I bought some rough-sawn African mahogany for a small trestle table I am about to build. There are a few quirks of mahogany that I didn’t know about before I bought some that I wanted to share. With hindsight, I should have researched the material online more, as there is a massive amount of information on various forums and magazine websites.
- Colour. African mahogany isn’t as dark as I was expecting! I had bought small pieces of mahogany in the past that were a deep brown, but that must have been a different variety. The boards I have are a light pink after I planed the rough boards. I need the final piece to be darker so I will look into using stain or dye.
- Texture. Though pale, the texture of the mahogany is fascinating! It has a ribbon pattern with alternating lighter and darker bands. A smooth surface shimmers when the board is moved under a light.

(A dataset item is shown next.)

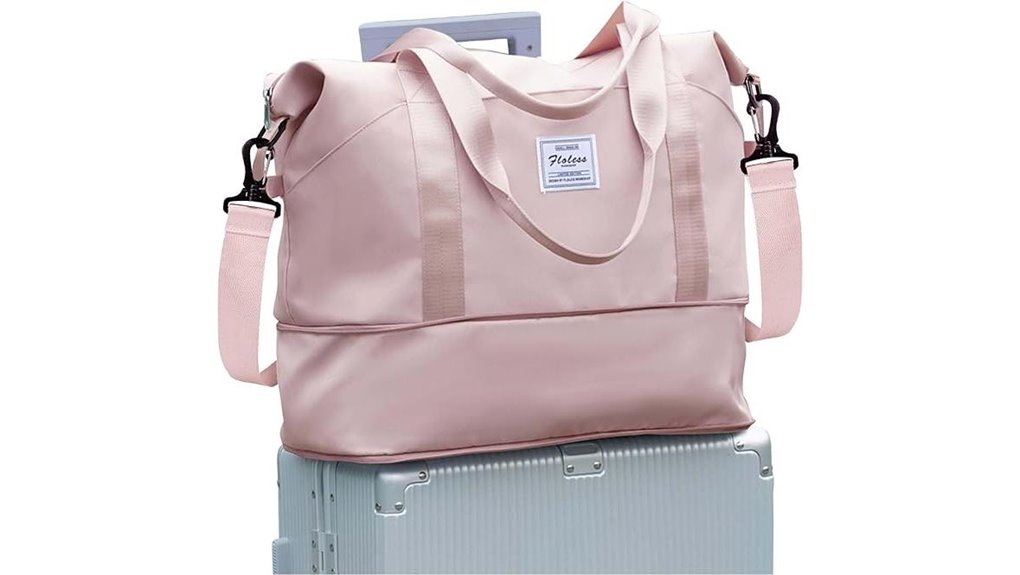 women s gym duffel bag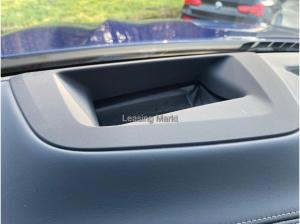 BMW X6 M Competition + Innovationspaket + Panorama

- Grain pores. Big long pores. So big that many suggest using a grain filler prior to finishing in order to get a smooth surface. Old-school finishers will suggest using pumice or fine sanding to fill the pores with dust and then seal it in with a sealing coat of shellac.
- Work-ability. This is one I didn’t see coming, though I’ve since found it’s well documented in books and on the web. The ribbons often have switching grain directions, so that with one swipe of a hand plane, some of the ribbons get silky smooth, and the others tear out dramatically. I have a little-used Stanley No.3 that I might use to experiment with back-bevels (that concept explained here on the Lost Art Press blog) to reduce tear out, or I might have to resort to sanding.

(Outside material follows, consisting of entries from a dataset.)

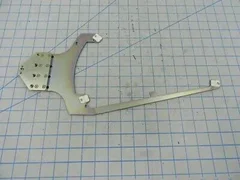 15-256077-01 / END EFFECTOR,300MM,R.L/LK,VCTR / NOVELLUS SYSTEMS INC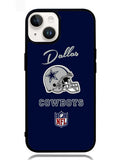 Dallas Cowboys 15th iPhone 14 Case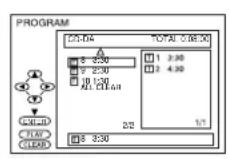 HITACHI DV-P788A - Program Playback (CD) - 1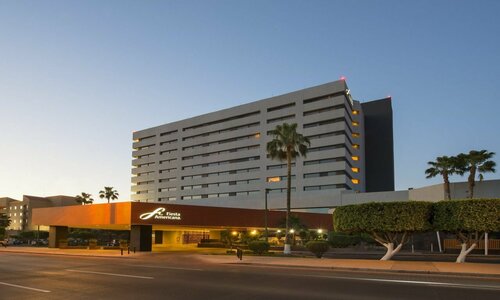 Fiesta Americana Hermosillo, Prenota Hotel Hotel 4 stelle a Hermosillo, 4*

The challenges of African mahogany gives me an excuse to learn about a few techniques that I have been avoiding:
- Tear-out. Back beveled plane blades or sanding? I’ll try both.
- Staining. Should I stain before applying finish, or use stain in a finish as a toner? I’ll experiment.

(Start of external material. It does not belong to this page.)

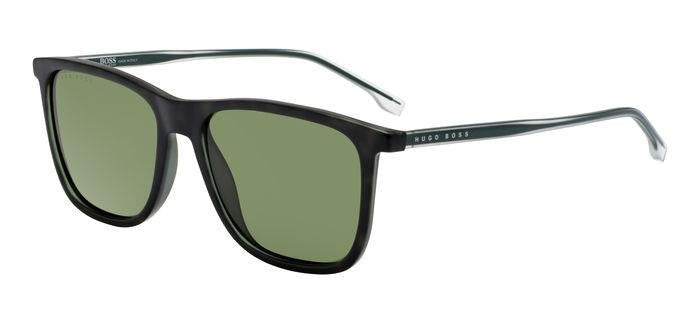 2M6-MATTGREENHAVANA/QT - MATT GREEN HAVANA - GREEN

- Finishing. Need to fill in pores and get an antique look finish. Time to wander away from using Danish oil on everything and learn about Shellac. Maybe even French polishing.
You might try super light shaving +super tight seting on a tuned up chip breaker before you go the back bevel route. I have tried this (on swirly walnut grain) and I get tearout free planing backwards (and crinkly bacon shavings)
Absolutely. I’ll do anything to keep my sharpening process simple!
Good to know. I’ve been wanting to get acquainted with mahogany and there’s only one place around that sells the South American varieties.